A comemoração do dia 8 de março projeta maior luminosidade na rica compreensão da dignidade e importância da mulher. Uma clareza que deve impulsionar modificações substanciais e mais rápidas no atual cenário, marcado pelos sucessivos casos de violência contra a mulher, particularmente no âmbito familiar. Uma situação inaceitável que precisa dar lugar à crescente participação das mulheres nos processos políticos, sociais, culturais, religiosos e familiares.
Na compreensão ajustada do significado da mulher no conjunto de processos da vida repousa uma força dinâmica com propriedades para mudar instituições e promover avanços significativos. É verdade que desde a Revolução Francesa várias conquistas foram alcançadas no que se refere ao reconhecimento da mulher, configurando, consequentemente, ganhos muito importantes para a vida e história da humanidade. Contudo, em razão de cristalizações nas culturas, fruto de compreensões não adequadas, atrasos ainda impedem uma participação mais efetiva. Assim, permanece o grande desafio de se conquistar um entendimento capaz de gerar novas posturas.
Nessa busca, uma rica referência é a Carta Apostólica sobre a Dignidade da Mulher, do bem-aventurado João Paulo II, publicada em 15 de agosto de 1988. É bem atual a referência à Mensagem Final do Concílio Vaticano II profetizando um tempo novo que ainda não acabou de chegar: “a hora vem, a hora chegou, em que a vocação da mulher se realiza em plenitude, a hora em que a mulher adquire no mundo uma influência, um alcance, um poder jamais alcançados até agora. Por isso, no momento em que a humanidade conhece mudança tão profunda, as mulheres iluminadas do Evangelho tanto podem ajudar para que a humanidade não decaia”.
No Sínodo dos Bispos de 1987, que refletiu a vocação e missão dos leigos na Igreja e no mundo, sublinhou-se a importância de se aprofundar sobre os fundamentos antropológicos e teológicos para ajudar na compreensão justa do significado da dignidade humana. Particularmente no que se refere à mulher, uma questão central que desafia a humanidade: a sua presença participativa na Igreja e na sociedade.
Os avanços são grandes. No entanto, ainda não são suficientes Quando se pensa teologicamente, sabe-se que a mulher está no coração do evento salvífico professado pela Igreja. A iluminação deste argumento está condensada na figura da mulher mais admirável: Maria, a Mãe de Jesus, o Redentor e Salvador. Conhecer a participação de Maria na história da humanidade, obediente e aberta amorosamente a Deus, é estar em contato com significativas lições, que iluminam a dignidade de todas as mulheres. Na condição comum de criatura humana, elas guardam também uma sacralidade advinda da filiação a Deus, sua imagem e semelhança.

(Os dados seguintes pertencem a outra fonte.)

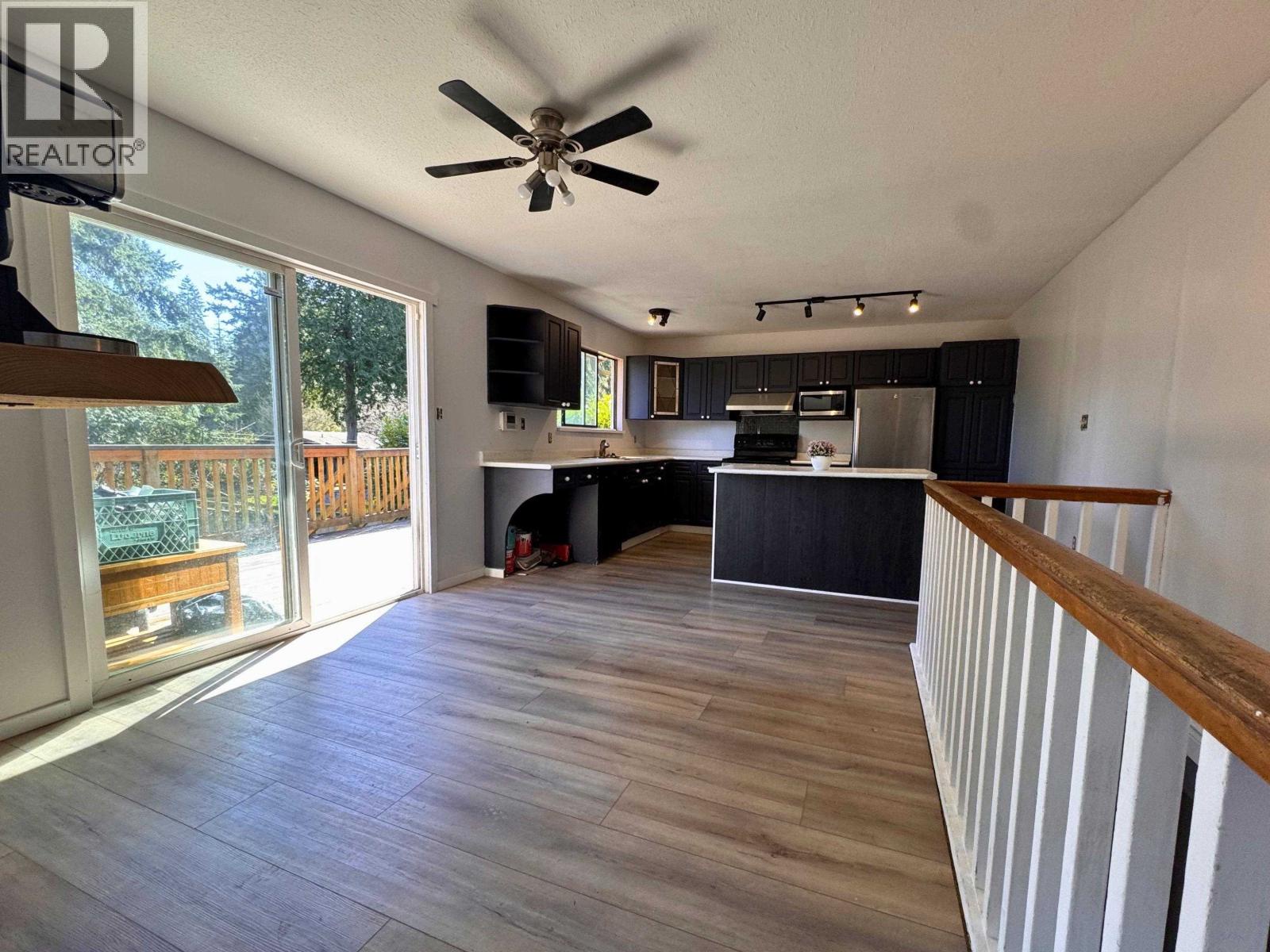 5799 Anchor Road, Sechelt, British Columbia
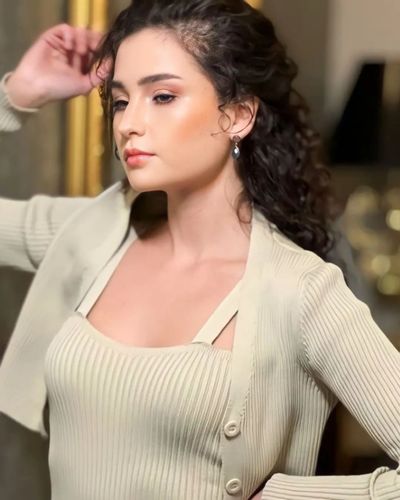 Melis Minkari seksi ifşa fotoğrafı 165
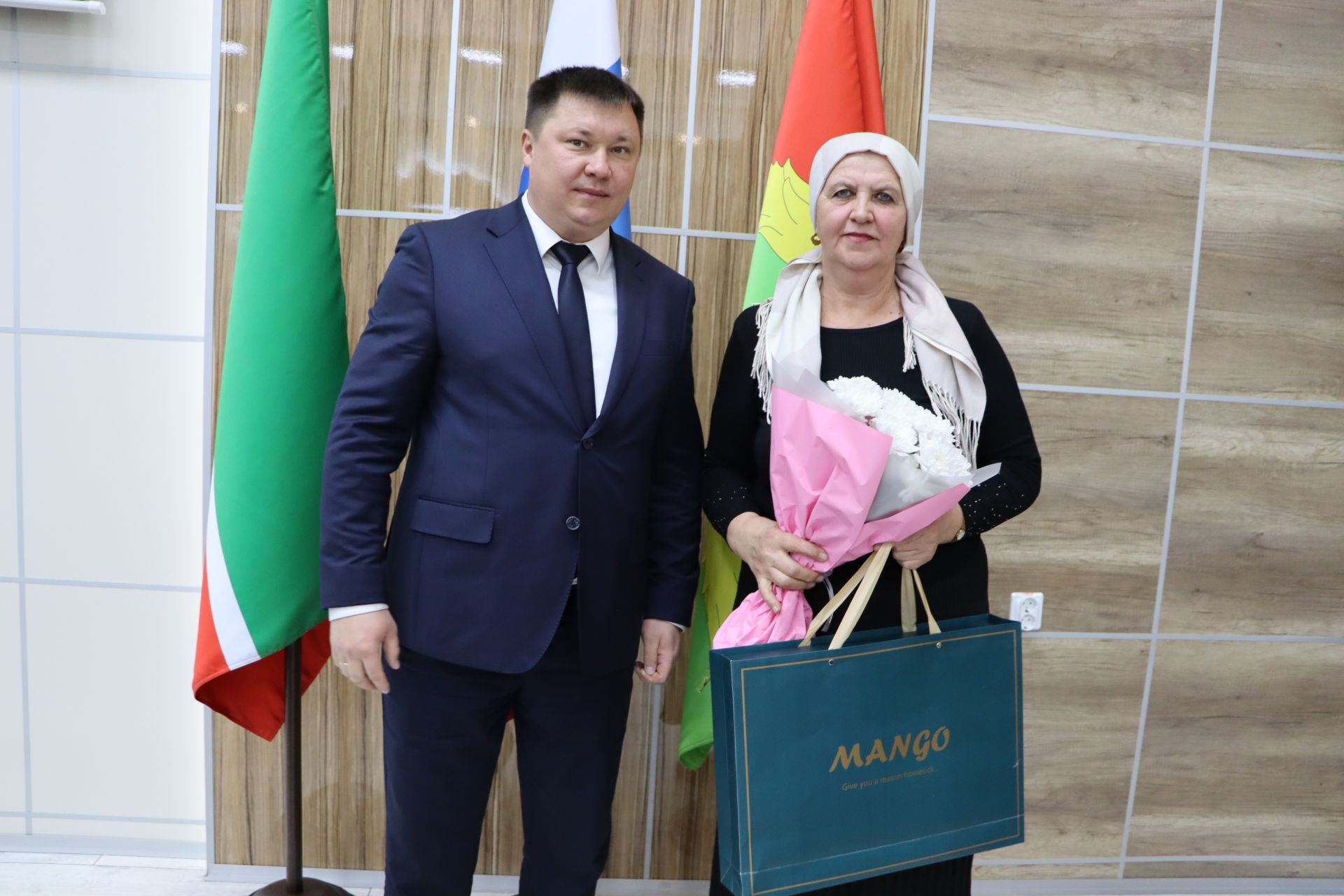 Яңа ел бәйрәмнәре уңаеннан, район башлыгы Айрат Җиһаншин авыл җирлеге хезмәткәрләре белән очрашты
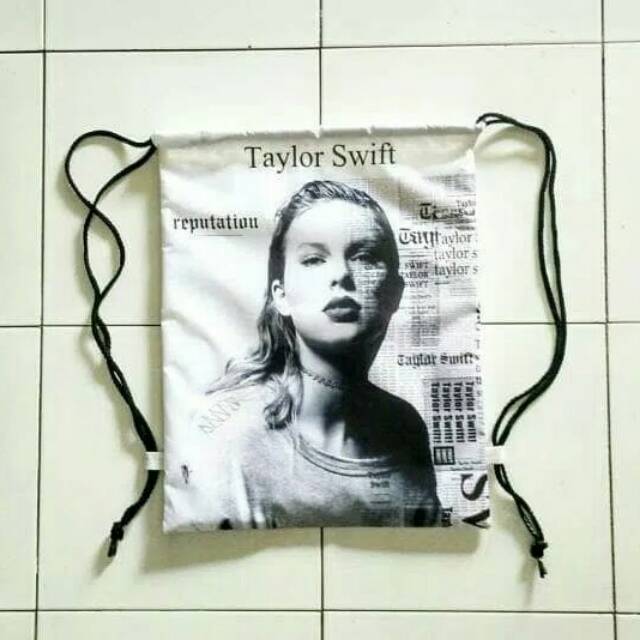 Tas serut foto artis / tas serut taylor swift / tas serut sos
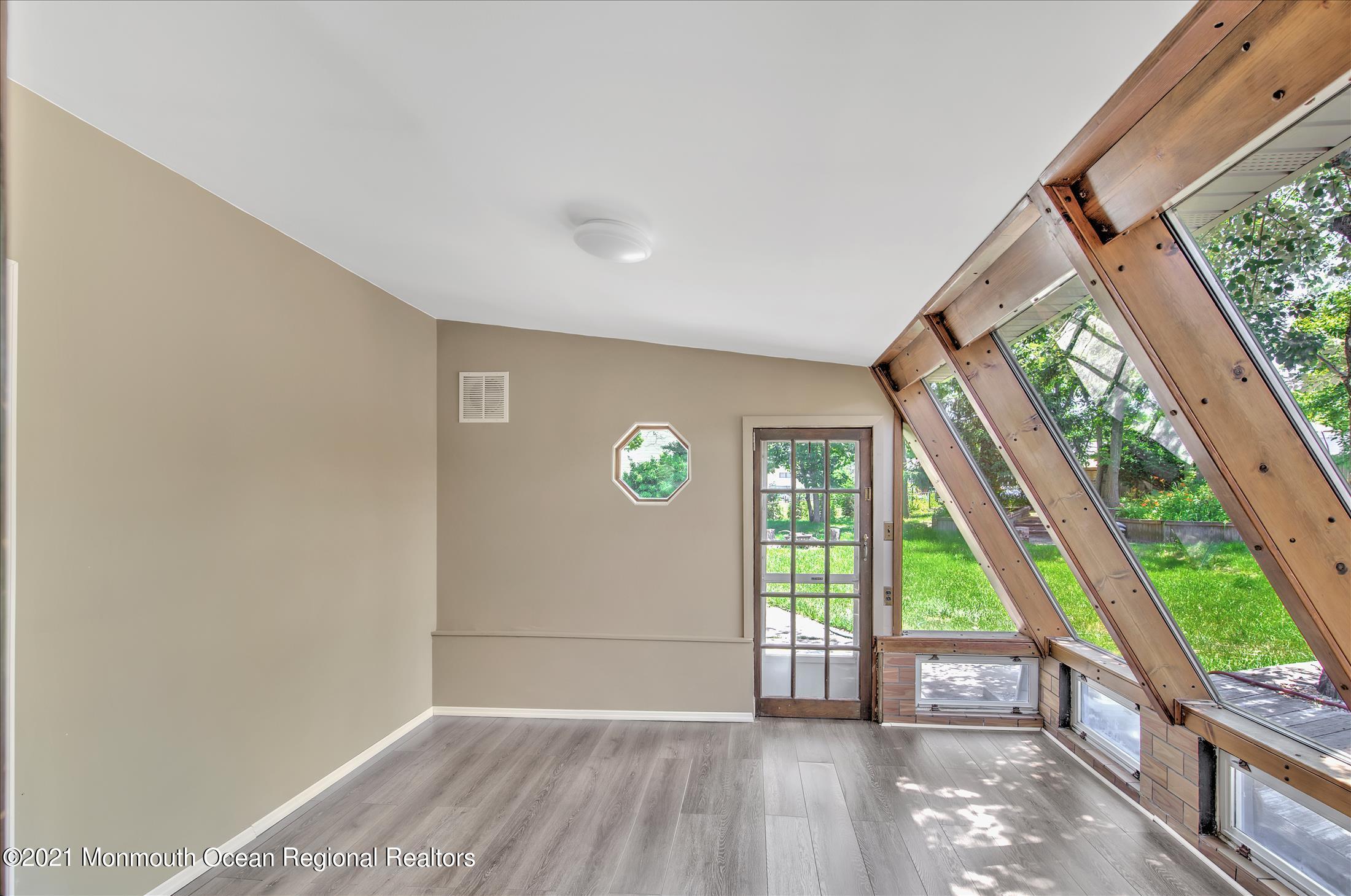 127 Stephan Road Brick, NJ 08724 - Photo 29 of 38 SUN ROOM (6)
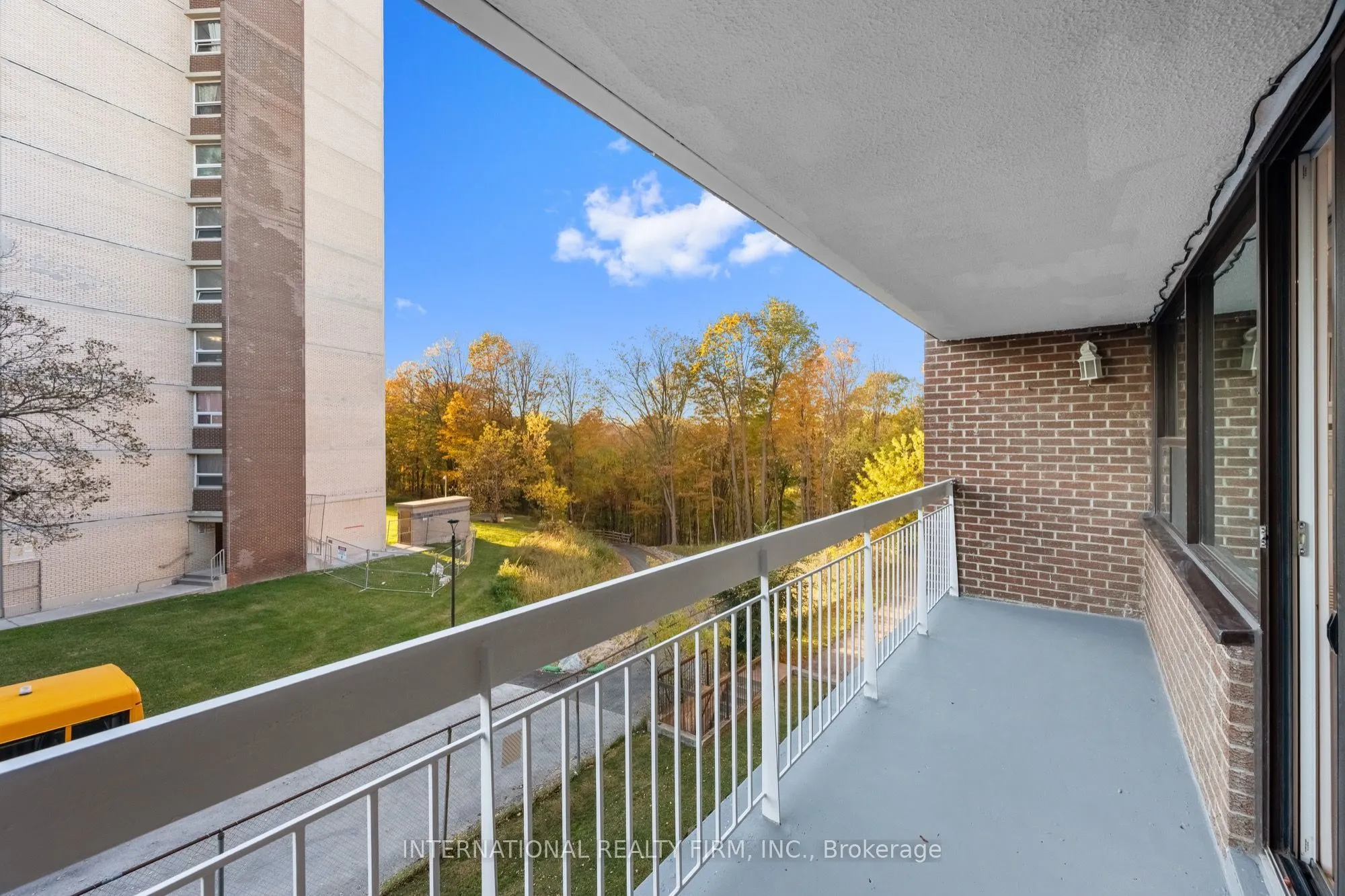 4064 Lawrence Avenue E #323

É fascinante aquilo que é próprio da mulher, que constitui o seu ser. Trata-se de um grande dom. Pela condição própria dessa dádiva, muitos são os caminhos percorridos, os enfrentamentos exitosos no combate ao mal e na luta pela justiça, desde o contexto da narrativa bíblica, estendendo-se nas histórias e testemunhos de ontem e da contemporaneidade. Essa sacralidade na figura da mulher é uma inesgotável fonte de ética e de moralidade que não deixa perder a força dos valores, das referências e das tradições que configuram o tecido cultural necessário para garantir uma sociedade mais sã.
Voltando à Carta Apostólica referida, a grandeza da dignidade da mulher está em conexão profunda com a ordem do amor. O bem-aventurado João Paulo II lembra que no fundamento do desígnio eterno de Deus, a mulher, na sua feminilidade, é um profetismo com força educativa permanente. Obviamente que esta condição singular confere às mulheres uma especial missão. E para que possam exercê-la, precisam ganhar mais espaços, em todos os lugares e de variados modos. As mulheres merecem, de todos nós, uma especial reverência.